### Brief
Skip the pictures. Output only the lines below starting at the line with "Breloc auto Mercedes-AMG cu lanț și inel" and ending at the line with "Balenciaga Metallic Leather", both ends included, exactly as they are.

### Given records
◇ ◇ ◇ ◇
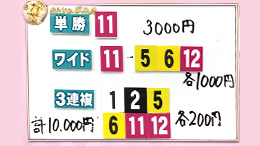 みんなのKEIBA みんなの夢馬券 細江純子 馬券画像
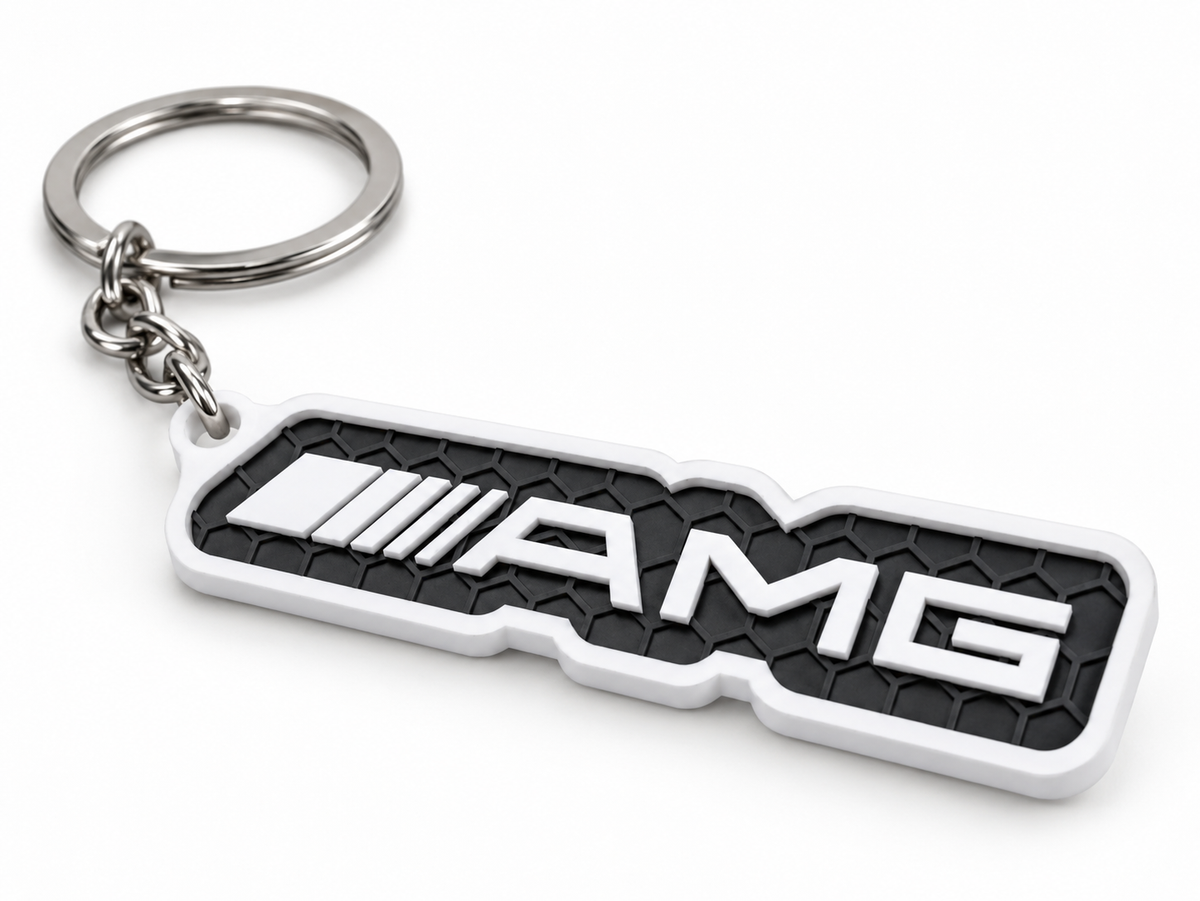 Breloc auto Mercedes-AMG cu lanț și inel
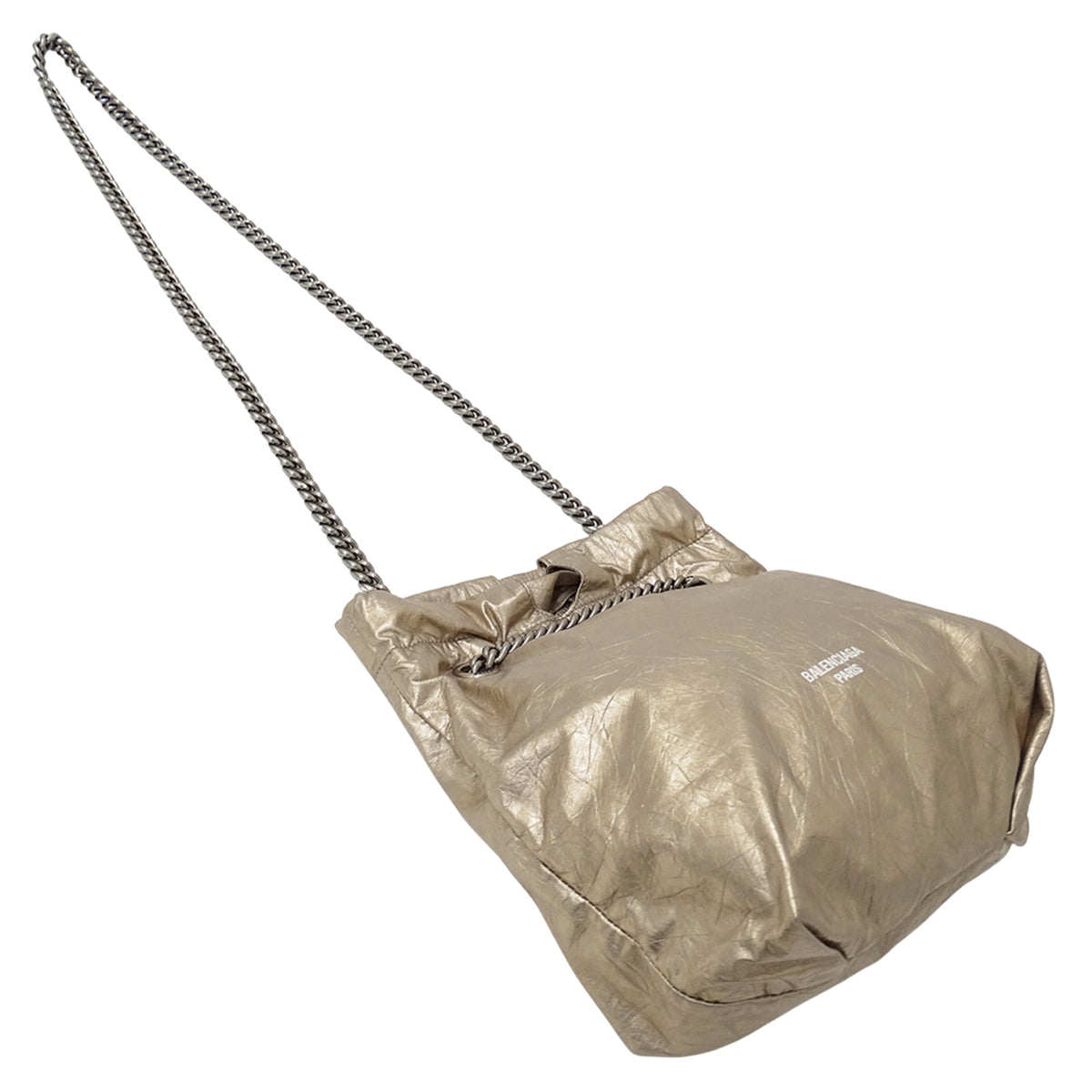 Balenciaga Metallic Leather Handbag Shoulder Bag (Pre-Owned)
◇ ◇ ◇ ◇
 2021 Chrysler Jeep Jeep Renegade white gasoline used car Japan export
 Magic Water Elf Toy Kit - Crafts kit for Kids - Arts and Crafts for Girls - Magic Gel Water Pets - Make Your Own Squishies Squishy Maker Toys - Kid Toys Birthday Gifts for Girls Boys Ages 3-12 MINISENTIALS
◇ ◇ ◇ ◇
### Expected output
 Breloc auto Mercedes-AMG cu lanț și inel
 Balenciaga Metallic Leather Handbag Shoulder Bag (Pre-Owned)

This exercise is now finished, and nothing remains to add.